◆ **Exercise goal**:
Pull every line with "white" from the entries below.

◆ **Exercise materials**:
╭──
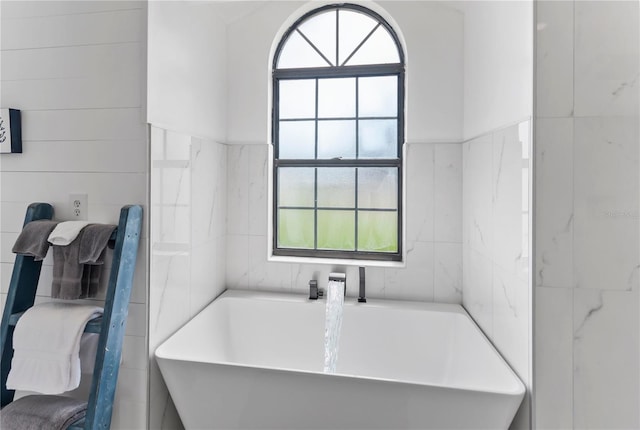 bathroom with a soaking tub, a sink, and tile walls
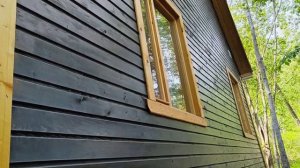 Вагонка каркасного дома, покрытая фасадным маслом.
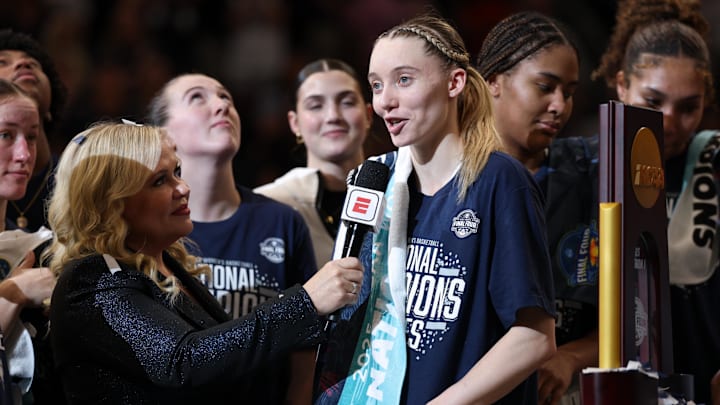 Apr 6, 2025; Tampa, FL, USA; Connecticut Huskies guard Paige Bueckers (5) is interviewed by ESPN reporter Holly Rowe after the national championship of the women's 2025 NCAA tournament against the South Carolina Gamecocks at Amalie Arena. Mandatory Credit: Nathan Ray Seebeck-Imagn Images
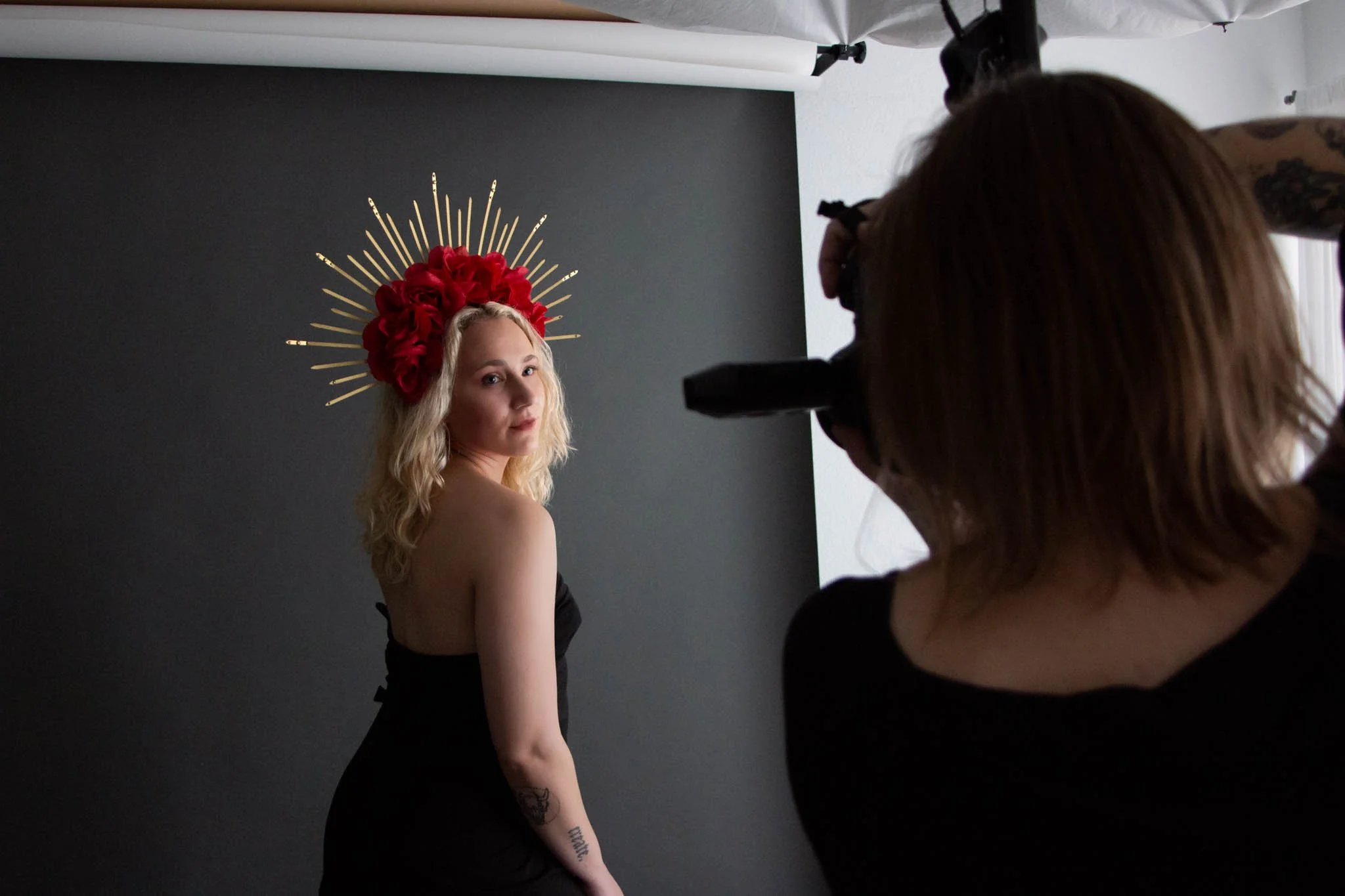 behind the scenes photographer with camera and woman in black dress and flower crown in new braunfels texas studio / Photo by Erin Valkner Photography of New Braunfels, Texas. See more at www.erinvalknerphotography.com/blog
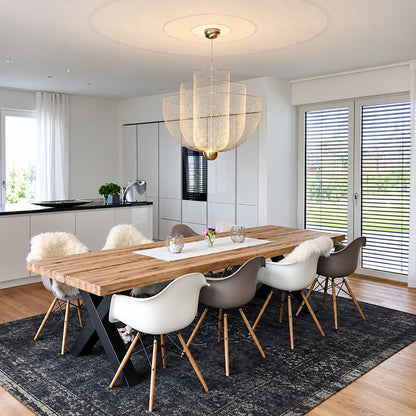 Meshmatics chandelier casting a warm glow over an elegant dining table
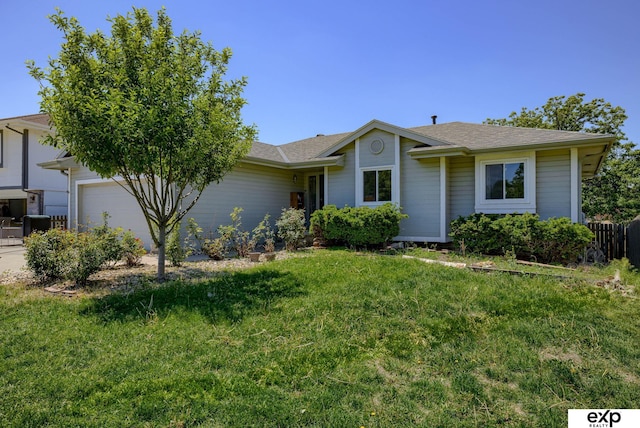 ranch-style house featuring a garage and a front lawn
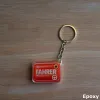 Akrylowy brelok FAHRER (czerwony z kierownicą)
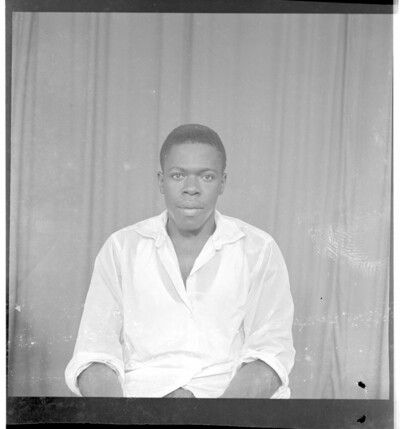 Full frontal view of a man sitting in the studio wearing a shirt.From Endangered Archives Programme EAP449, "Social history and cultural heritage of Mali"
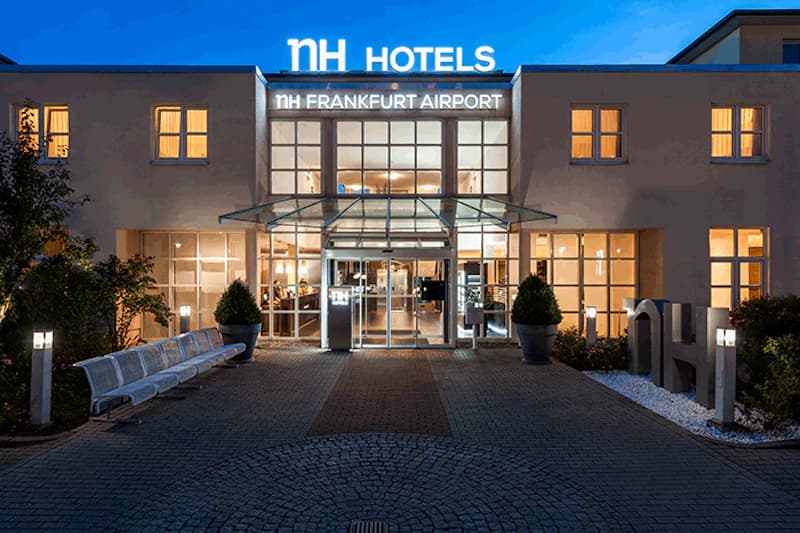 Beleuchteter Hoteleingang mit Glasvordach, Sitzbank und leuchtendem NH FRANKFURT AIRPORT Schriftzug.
╰──
╭──
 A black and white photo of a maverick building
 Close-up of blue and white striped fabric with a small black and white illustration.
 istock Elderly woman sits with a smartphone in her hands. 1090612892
╰──
◆ **Response to this task**:
 A black and white photo of a maverick building
 Close-up of blue and white striped fabric with a small black and white illustration.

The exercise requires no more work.